(Data items)
● ● ● ●
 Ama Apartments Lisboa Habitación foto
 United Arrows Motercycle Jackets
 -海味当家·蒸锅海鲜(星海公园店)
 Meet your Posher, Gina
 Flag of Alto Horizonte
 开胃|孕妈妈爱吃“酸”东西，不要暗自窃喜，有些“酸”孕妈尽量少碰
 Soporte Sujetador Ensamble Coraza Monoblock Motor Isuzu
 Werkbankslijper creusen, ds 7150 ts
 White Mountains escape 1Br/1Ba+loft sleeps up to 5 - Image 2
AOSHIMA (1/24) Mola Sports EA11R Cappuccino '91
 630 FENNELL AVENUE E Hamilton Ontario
● ● ● ●
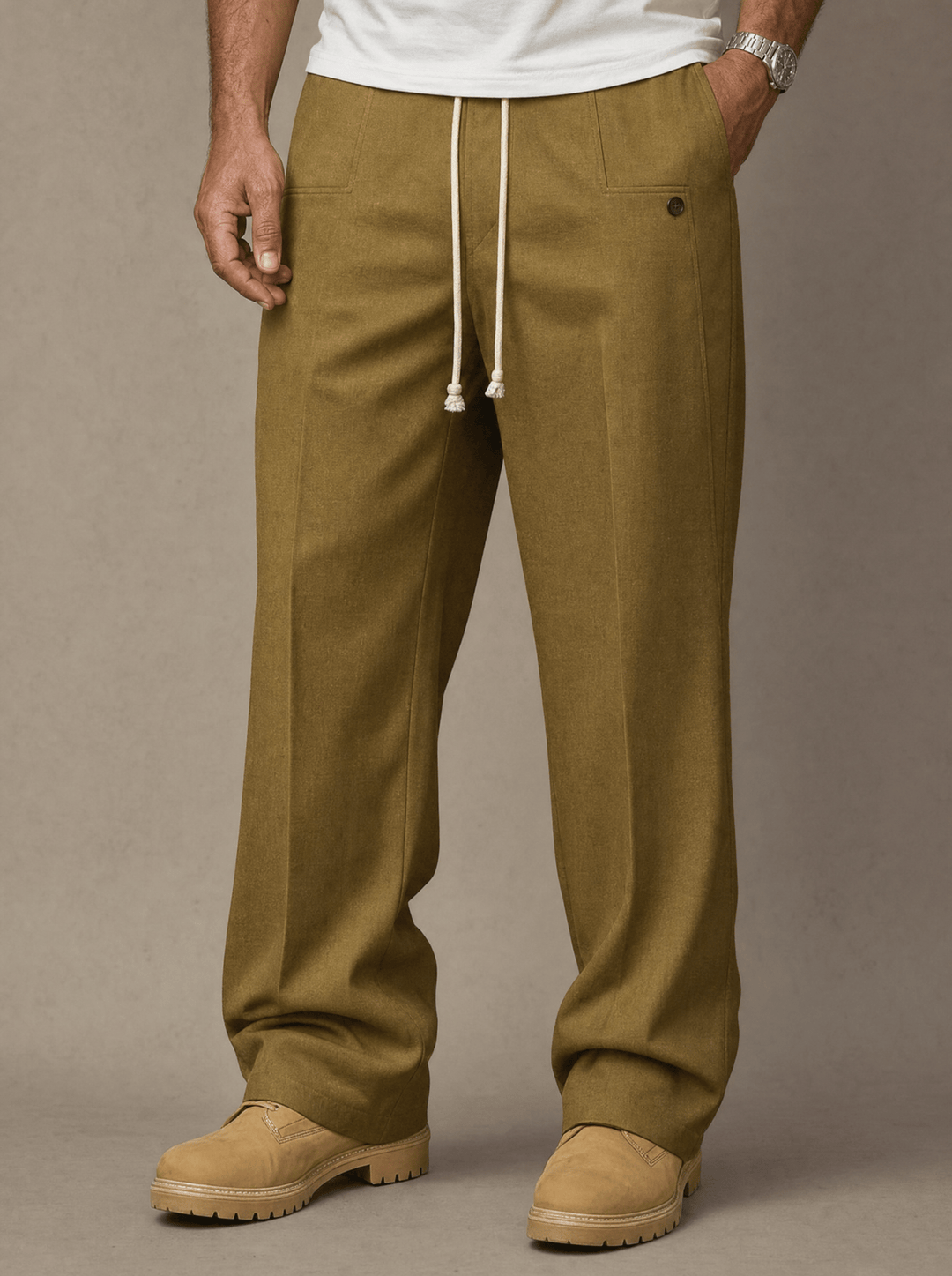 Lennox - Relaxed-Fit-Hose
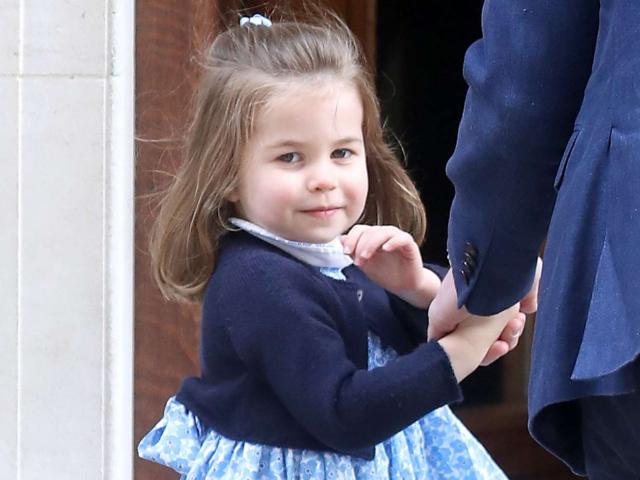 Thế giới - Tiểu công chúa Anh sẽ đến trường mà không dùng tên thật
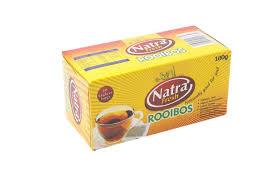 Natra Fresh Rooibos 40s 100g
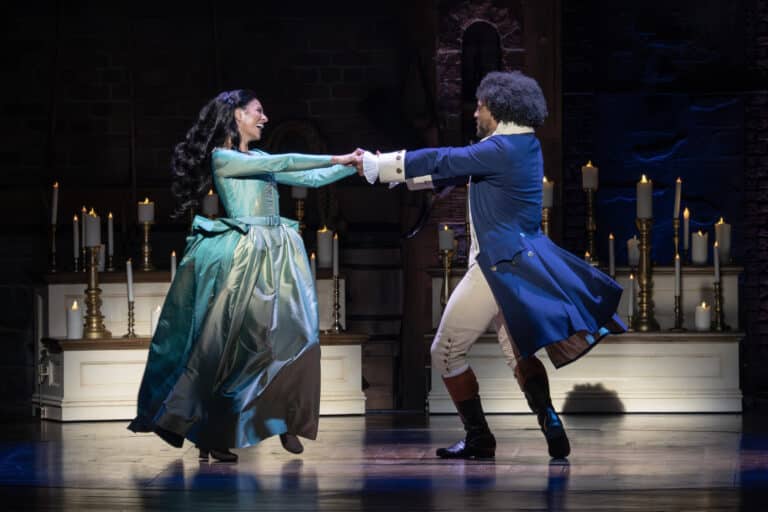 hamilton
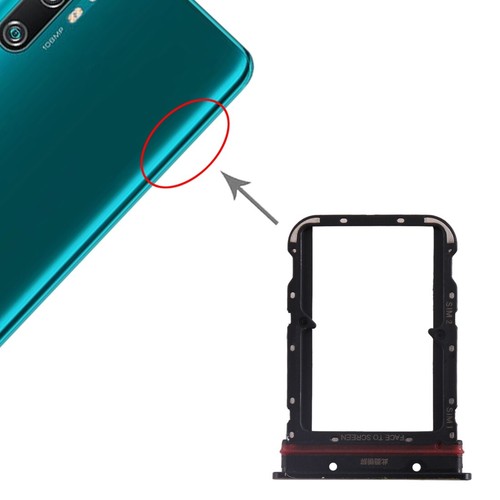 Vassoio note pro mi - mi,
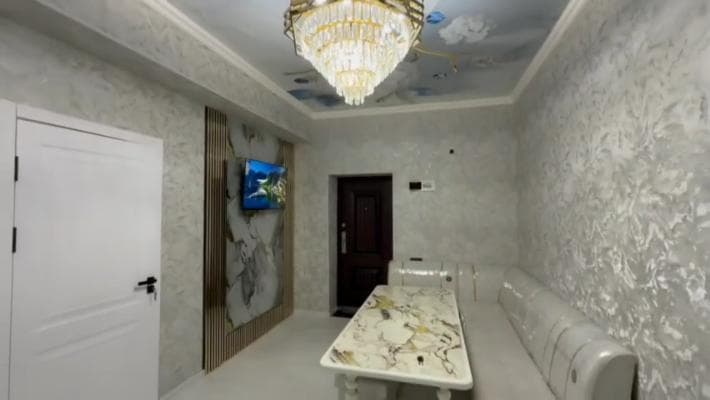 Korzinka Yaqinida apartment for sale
● ● ● ●
TASK PROMPT »
Look through the entries above and quote exactly the lines from the line with "Ama Apartments Lisboa Habitación foto" to the line with "White Mountains escape", counting both of those lines.

ANSWER TO THIS EXERCISE »
 Ama Apartments Lisboa Habitación foto
 United Arrows Motercycle Jackets
 -海味当家·蒸锅海鲜(星海公园店)
 Meet your Posher, Gina
 Flag of Alto Horizonte
 开胃|孕妈妈爱吃“酸”东西，不要暗自窃喜，有些“酸”孕妈尽量少碰
 Soporte Sujetador Ensamble Coraza Monoblock Motor Isuzu
 Werkbankslijper creusen, ds 7150 ts
 White Mountains escape 1Br/1Ba+loft sleeps up to 5 - Image 2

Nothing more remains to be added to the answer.